Five EC countries including Britain were involved in a one-day hearing in the Luxembourg court yesterday. The judges will not deliver their verdicts in two British cases - nor in the separate German and Dutch cases - until at least June.

The biggest case involves the Coloroll home furnishing group. A network of different pension schemes within the group has been complicated by the issue over whether women should receive pension benefits at 60 while men wait until 65.

Another case involves a Yorkshire technician, David Neath, who was made redundant at 55 in June 1990 after 17 years with one firm. He was not allowed an early retirement pension but was offered a deferred pension from the age of 65. A woman in the same situation would have been offered a deferred pension at 60.

He claims the Government is in breach of EC rules by refusing to offer him a pension until the age of 65. The Luxembourg court established the principle of equal pension rights for men and women in a similar case in May 1990. But argument continues over whether the ruling applied only to pension rights earned from that date.

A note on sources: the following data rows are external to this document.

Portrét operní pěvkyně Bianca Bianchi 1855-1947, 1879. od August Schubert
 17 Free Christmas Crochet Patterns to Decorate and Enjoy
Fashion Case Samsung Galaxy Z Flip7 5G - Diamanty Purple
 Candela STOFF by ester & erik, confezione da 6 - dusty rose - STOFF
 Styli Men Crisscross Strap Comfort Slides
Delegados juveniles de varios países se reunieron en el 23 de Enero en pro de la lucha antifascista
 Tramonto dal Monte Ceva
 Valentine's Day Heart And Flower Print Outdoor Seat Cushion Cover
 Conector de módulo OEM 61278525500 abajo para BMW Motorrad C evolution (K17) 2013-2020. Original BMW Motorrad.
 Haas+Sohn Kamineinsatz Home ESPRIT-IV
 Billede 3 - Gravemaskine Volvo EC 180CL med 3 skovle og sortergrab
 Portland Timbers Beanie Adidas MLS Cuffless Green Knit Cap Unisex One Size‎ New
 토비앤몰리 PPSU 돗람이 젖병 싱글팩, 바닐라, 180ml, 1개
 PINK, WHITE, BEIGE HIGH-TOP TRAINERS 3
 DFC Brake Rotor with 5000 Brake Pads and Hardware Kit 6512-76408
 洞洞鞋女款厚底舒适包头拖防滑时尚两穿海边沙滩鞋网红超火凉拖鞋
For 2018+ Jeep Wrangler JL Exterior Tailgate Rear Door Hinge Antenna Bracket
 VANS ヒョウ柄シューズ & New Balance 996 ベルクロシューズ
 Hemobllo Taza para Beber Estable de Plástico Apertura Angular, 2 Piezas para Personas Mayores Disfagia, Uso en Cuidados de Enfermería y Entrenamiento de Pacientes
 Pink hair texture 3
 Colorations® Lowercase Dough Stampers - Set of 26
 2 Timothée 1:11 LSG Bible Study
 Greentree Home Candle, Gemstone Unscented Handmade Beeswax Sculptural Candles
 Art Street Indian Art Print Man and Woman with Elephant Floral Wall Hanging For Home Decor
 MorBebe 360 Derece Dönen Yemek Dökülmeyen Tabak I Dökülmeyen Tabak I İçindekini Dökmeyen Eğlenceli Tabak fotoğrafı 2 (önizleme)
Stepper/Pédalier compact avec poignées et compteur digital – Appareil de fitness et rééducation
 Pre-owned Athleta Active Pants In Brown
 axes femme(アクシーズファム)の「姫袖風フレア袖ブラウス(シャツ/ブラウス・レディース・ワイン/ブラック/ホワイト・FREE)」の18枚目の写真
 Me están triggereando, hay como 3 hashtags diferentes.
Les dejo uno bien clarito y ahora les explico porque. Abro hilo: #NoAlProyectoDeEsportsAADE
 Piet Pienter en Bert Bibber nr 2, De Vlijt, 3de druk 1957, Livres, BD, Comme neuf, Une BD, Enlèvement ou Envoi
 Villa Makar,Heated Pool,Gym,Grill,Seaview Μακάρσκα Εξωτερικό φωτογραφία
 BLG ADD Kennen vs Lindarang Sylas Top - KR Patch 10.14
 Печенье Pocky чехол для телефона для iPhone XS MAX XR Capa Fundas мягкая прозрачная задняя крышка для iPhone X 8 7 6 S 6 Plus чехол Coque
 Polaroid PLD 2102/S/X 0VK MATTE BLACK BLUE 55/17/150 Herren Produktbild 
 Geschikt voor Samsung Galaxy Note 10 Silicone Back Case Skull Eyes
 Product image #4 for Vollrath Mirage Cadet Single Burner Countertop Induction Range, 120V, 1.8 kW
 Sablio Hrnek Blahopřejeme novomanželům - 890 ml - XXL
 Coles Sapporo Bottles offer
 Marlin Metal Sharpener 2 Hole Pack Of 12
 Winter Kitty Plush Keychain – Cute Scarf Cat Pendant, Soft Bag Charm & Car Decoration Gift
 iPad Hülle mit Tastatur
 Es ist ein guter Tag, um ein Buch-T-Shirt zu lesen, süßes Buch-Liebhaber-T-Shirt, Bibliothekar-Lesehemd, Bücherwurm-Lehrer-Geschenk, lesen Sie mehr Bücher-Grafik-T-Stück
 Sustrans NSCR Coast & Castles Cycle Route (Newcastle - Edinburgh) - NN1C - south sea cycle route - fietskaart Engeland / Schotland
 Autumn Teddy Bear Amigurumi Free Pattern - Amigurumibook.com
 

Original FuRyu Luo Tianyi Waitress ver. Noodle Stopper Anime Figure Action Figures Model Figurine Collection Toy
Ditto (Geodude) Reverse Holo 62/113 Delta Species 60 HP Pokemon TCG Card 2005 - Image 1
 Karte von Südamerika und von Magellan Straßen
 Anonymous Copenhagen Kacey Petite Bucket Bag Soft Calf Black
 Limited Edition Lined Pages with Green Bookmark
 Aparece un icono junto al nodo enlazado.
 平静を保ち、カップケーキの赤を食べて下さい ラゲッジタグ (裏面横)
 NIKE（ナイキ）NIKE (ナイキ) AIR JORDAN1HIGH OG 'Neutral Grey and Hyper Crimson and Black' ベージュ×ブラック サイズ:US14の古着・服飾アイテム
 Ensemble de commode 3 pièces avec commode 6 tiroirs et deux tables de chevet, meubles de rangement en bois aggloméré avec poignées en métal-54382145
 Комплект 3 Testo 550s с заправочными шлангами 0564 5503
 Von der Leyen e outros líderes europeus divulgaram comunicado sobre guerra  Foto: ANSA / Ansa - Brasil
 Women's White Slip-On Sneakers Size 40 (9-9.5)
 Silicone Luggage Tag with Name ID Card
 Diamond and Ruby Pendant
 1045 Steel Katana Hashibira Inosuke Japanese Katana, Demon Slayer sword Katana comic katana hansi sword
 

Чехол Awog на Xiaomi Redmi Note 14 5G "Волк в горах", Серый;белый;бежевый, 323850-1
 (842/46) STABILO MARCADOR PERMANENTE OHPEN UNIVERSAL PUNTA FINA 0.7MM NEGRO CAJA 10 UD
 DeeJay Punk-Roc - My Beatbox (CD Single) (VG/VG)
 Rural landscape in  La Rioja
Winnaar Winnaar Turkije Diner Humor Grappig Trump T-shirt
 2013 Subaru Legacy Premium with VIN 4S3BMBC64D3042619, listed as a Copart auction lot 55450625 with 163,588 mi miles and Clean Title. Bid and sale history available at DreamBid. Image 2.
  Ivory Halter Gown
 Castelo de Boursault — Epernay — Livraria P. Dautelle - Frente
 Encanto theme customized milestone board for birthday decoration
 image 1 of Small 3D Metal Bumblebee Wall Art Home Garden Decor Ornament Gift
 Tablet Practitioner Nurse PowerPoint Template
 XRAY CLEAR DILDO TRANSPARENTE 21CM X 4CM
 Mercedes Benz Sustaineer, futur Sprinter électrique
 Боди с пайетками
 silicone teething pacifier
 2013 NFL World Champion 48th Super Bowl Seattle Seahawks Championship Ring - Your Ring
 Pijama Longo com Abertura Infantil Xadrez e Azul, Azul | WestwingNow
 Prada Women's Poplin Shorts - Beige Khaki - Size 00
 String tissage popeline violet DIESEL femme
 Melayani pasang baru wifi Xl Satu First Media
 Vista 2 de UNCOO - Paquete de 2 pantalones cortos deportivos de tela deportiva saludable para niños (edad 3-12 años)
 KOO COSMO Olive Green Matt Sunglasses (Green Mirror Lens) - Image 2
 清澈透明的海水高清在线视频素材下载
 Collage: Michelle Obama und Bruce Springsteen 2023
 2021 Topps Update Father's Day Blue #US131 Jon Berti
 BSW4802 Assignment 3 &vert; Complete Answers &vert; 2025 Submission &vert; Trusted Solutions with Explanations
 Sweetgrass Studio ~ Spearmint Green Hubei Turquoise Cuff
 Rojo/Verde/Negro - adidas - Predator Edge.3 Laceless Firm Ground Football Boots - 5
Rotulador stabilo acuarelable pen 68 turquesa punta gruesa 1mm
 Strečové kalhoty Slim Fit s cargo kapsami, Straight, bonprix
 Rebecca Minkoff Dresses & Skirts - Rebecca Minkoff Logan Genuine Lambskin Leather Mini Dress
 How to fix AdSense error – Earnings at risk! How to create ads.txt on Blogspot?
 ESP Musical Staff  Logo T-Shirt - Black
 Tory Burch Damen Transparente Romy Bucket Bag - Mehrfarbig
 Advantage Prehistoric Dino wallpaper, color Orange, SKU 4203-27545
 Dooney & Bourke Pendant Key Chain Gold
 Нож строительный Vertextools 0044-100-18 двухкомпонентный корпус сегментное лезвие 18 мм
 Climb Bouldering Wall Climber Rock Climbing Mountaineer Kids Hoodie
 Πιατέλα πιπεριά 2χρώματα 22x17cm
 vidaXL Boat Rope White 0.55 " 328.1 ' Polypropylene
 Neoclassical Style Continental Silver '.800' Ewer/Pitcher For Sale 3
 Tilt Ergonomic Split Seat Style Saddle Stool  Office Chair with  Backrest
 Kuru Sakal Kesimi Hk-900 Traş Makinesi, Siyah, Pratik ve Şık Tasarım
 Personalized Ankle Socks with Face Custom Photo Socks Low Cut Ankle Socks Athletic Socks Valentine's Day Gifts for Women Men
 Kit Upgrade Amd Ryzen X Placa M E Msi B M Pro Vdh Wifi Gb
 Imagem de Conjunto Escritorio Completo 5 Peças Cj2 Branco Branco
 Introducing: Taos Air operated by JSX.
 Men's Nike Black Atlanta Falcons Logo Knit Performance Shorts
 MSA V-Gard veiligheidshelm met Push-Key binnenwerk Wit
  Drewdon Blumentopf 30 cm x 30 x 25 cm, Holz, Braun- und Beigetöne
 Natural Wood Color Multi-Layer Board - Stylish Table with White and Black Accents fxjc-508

Mr Neath wants the judges to rule that equality should be backdated to ensure equal treatment takes effect immediately.

Sir Nicholas said the Government respected the 1990 decision, but believed equal treatment should only apply to benefits payable in respect of service after that date, to safeguard 'legal certainty and financial equilibrium'. There would be a huge cost to employers forced to start paying men's pensions five years early to bring them into line with women, he said.

The Government had estimated that the capitalised cost of bringing forward pension entitlement for male workers in respect of pre-May 1990 service would exceed pounds 50bn in total. 'Most of the pounds 50bn would have to be taken from resources of employers, out of turnover, profits, dividends or diverted from investment. The Treasury says this would ultimately result in a 0.5 to 0.75 per cent reduction in national output, an increase of 100,000 people unemployed and significant financial consequences,' he said.

Roger Lyons, general secretary of the MSF union for skilled and professional workers, which is backing Mr Neath's action, said that the Government figures were 'scare-mongering'. He added: 'The real cost is to the thousands of men and women who are losing out because the situation is so unclear and unfair.'

Lorraine Fletcher, pensions adviser to the Equal Opportunities Commission, said she hoped the court action would 'help to clarify the rights of millions of working people, many of whom are anxiously awaiting the outcome'.